• **PROBLEM REQUIREMENTS**
Go to the line holding "Escucha Caviar. IA" in the data below and repeat it exactly, then each line after it up to and including the one holding "-FLAIR顶层餐厅酒吧(浦东丽思卡尔顿酒店)". Omit pictures.

• **GIVEN INFORMATION**

* * * * *

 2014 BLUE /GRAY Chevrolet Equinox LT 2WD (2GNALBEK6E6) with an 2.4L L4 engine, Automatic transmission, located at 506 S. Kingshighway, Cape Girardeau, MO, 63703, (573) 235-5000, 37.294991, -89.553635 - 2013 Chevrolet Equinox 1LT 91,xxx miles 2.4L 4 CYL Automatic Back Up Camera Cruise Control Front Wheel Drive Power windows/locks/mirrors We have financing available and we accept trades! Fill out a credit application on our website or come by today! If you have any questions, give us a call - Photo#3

* * * * *

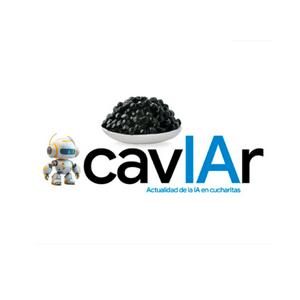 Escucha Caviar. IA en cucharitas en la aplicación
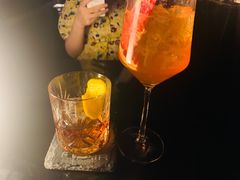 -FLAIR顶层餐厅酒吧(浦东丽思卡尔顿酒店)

* * * * *

• **THE ANSWER**
 Escucha Caviar. IA en cucharitas en la aplicación
 -FLAIR顶层餐厅酒吧(浦东丽思卡尔顿酒店)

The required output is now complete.